At this point, what can be said about Juno that hasn’t already been said? More than anything, we want to ignore this movie, forget about it, pretend it never existed, and hope to God it doesn’t have any long-lasting effect on the way movies are made. Sadly, chances are all of the above will be impossible. Juno was already a horrible movie when it was originally released. We groaned and cringed at the dialogue, balked at the retarded story line, hated the performances… and then they ALL got nominated for fucking Oscars. Please! Throw acid on our wounds! The movie made a killing at the box-office and that stripper bitch won for Best Screenplay. Those kinds of wild successes don’t simply go unnoticed in Hollywood. Just as the ’90s were bogged down in an ocean of Pulp Fiction rip-offs, the years ahead are sure to be the Juno years. And oh my, the sadness is overwhelming, and the salt of our tears tastes like a refreshing glass of lemonade.

Lars and the Real Girl
We avoided this movie in theatres because it sounded like a comedy sketch idea blown up into feature film length, and that is usually a really bad idea. But you know what? We were wrong. That’s right, we’ll admit it. Sure, when you hear the simple plot about how a nervous and reclusive brother orders a blow-up doll online and then delusionally treats her like a living girl, you go “dumb”, right? Hey, we did too. But the movie is sweet and funny and somehow manages to really mine this plot line and craft a sensitive and rich comedy. It’s pretty awesome how everyone in the small town recognises that Lars is mentally ill, and so to help him, they play along and treat Bianca like a real girl too. Touching, really. Unfortunately we couldn’t stop wondering why it isn’t like this in real life, because whenever people meet Gretchen down here at the office it seems to make them uneasy. Is it the bib? Weird.

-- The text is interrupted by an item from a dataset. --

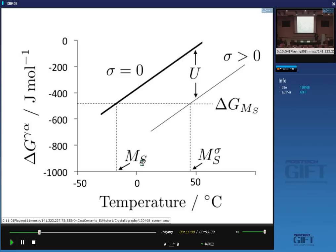What would happen if I apply a hydrostatic pressure? It would decrease the MS, because pressure has no shear component — so the shear strain S becomes irrelevant — and delta, the volume change, is positive. The volume change opposes the pressure, and therefore pressure would tend to decrease the martensite start temperature. All we need to know now is how to calculate this mechanical free energy U, and then we can design our TRIP steel to transform at a particular stress.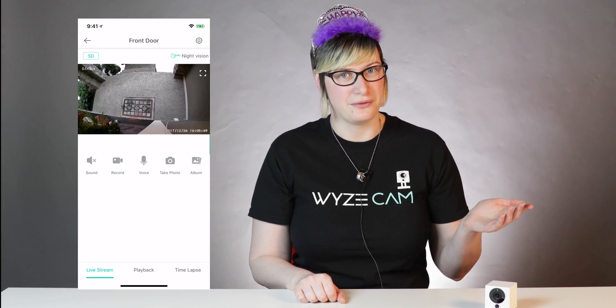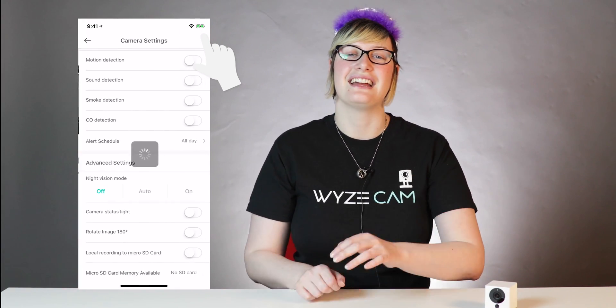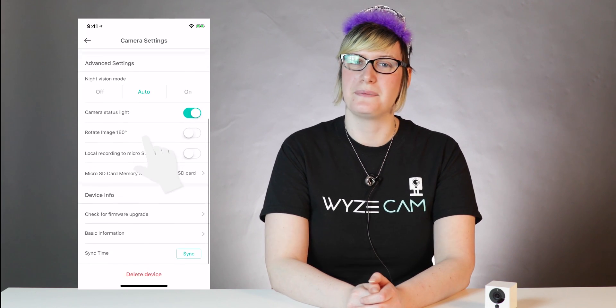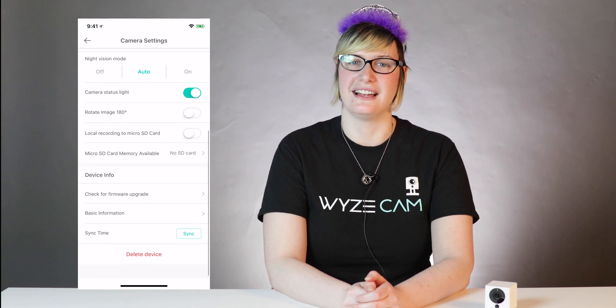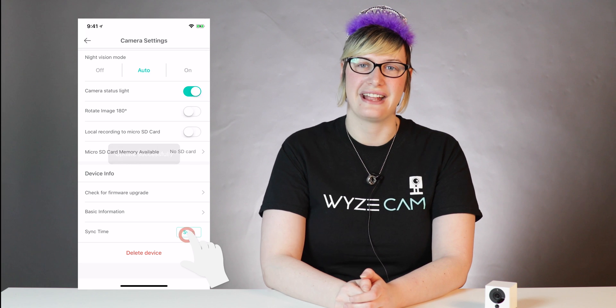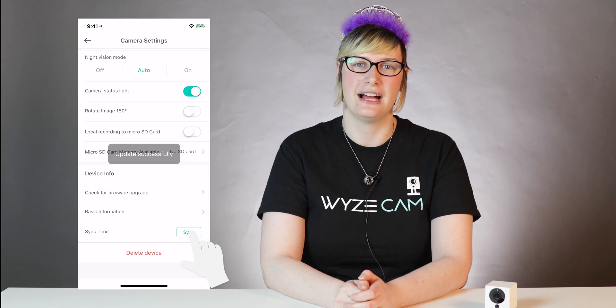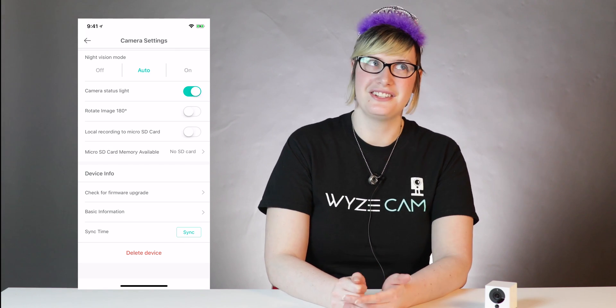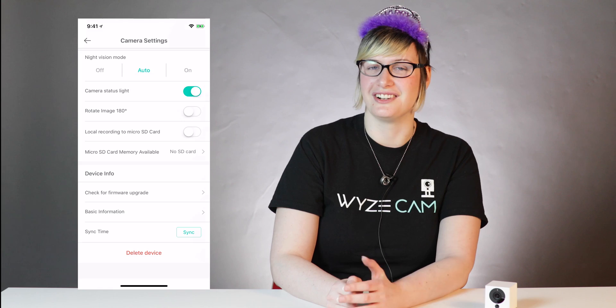This feature is pretty straightforward. You can get to it through your camera settings. There's a button near the bottom of the page under Advanced Settings that says Sync Time. Pressing that will cause your camera to update its timestamp based on what your phone is set to. So if you switch time zones or daylight savings time rolls around, it will be easy to update your timestamp. And that's it — told you it was straightforward.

Before The Devil Knows You’re Dead
Sidney Lumet has had a long and venerable career, responsible for films like 12 Angry Men, Fail-Safe, Network, Dog Day Afternoon and of course The Wiz. So you gotta ask, Sidney, what were you thinking? Filled with totally unnecessary flashbacks and flashforwards, this unmoving crime thriller was so run of the mill and predictable, even Philip Seymour Hoffman playing a creep again couldn’t hold our interest. Sure he does kind of look like Albert Finney, but the most interesting question raised during the movie was why Marisa Tomei doesn’t do more nude scenes, because she has a gorgeous body. True. She does. Good question. See what we thought when it was in theatres .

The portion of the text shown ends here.